Combinatorics

Combinatorics questions: why does the 50% probability change?

There are two problems in combinatorics that I solve just out of curiosity. In the process of manipulation, I came across several interesting features that I can’t explain, because I don’t have enough knowledge. Maybe someone can spend their time and explain what exactly is the solution? Please don't get angry in advance if the questions and methods I use turn out to be completely stupid - I'm just doing something interesting, as if I were just throwing stones into the sea and watching them raise spray.
So, two tasks.
1) Classic. Throw a coin and guess: heads or tails. We are trying to improve the results of successful guessing.
2) A person is given two envelopes with money to choose from. The amount of money in the first envelope is chosen absolutely randomly, and the amount twice as much is always placed in the second. That is, if you decide to put $5 in the first envelope, then $10 will be in the second. A person, having chosen an envelope, can open it. Then he can refuse the first envelope and take the second one, or keep the first one and end the round. After the end of the round, the referee shows the amounts in both envelopes. The bottom line is to guess the envelope with more money more often.

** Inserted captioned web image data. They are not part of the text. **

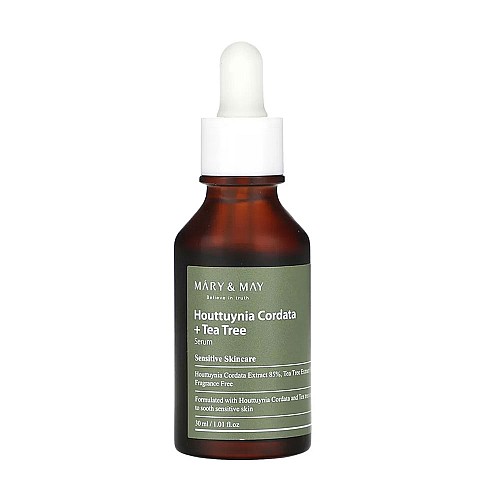 Успокояващ серум за чувствителна и проблемна кожа Mary&May Houttuynia Cordata + Tea Tree 30ml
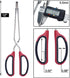 12-Inch Stainless Steel Scissor Tongs with Comfort-Grip Handle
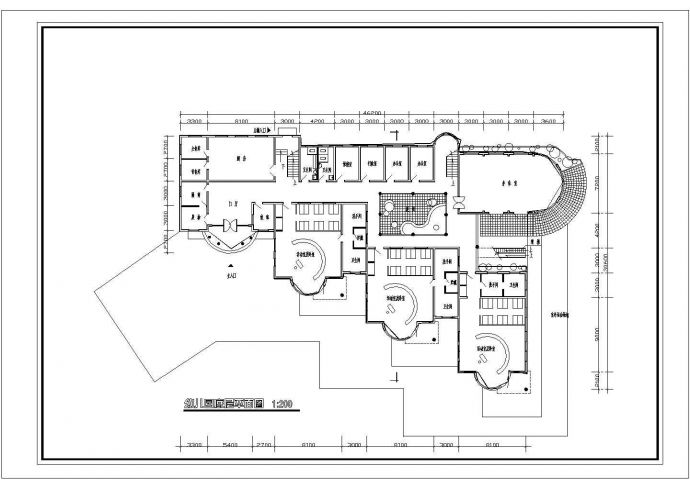 6班2层幼儿园建筑方案cad设计图纸_图1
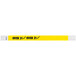 Carnival King Neon Yellow "OVER 21" Disposable Tyvek® Wristband 3/4" x 10" - 500/Bag Main Thumbnail 1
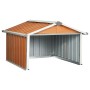 Cobertizo para cortacésped acero galvanizado marrón 92x97x63 cm de , Cobertizos - Ref: Foro24-150910, Precio: 124,99 €, Descu...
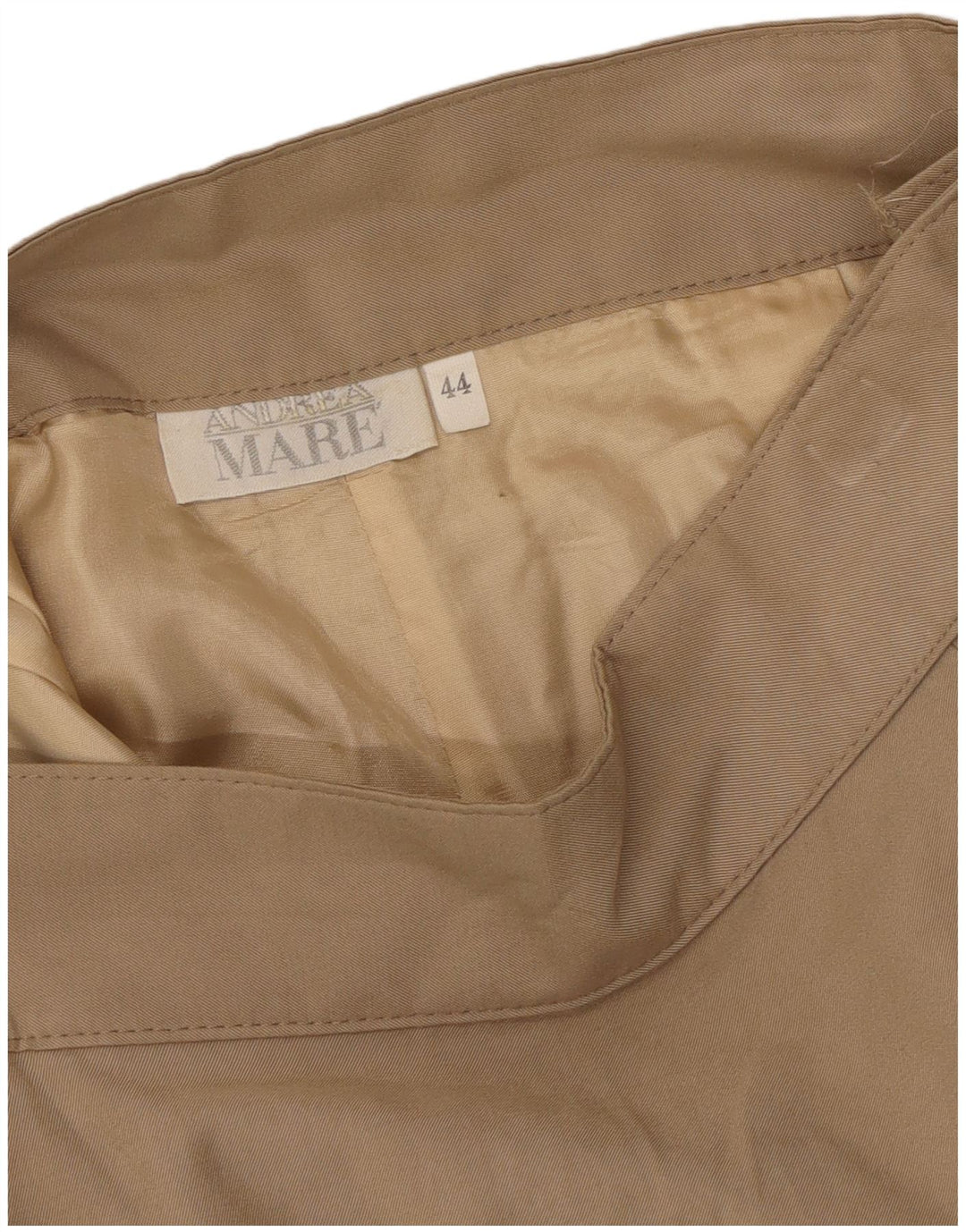 Andrea Mare Shorts feminino casual de perna larga IT 44 médio W28 bege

The sample in each task was different, I tried up to 1,000,000,000 (billion).
Task number 1.
If I make a script with a simple random choice, I get 50% results with a little plus or minus. That is, 49.99999 or 50.00001 (the more samples, the more we strive for 50%). Everything is clear here. Another thing begins if I start counting the number of "tails" and "eagles". And when choosing, if more tails came up earlier, I choose heads. And if more heads came up earlier, I choose tails.
There's a thing that I can't understand: the number of successful guesses always goes above 50%. Let on a small "tail" (hereinafter I will call it +K (positive) or -K (negative)), but the 50%-K situation ceases to happen. In any case, for several days of testing, I have never been able to get 50% -K.
Question: is this natural, or is it all about the limitations of the pseudo-random number generator of the programming language?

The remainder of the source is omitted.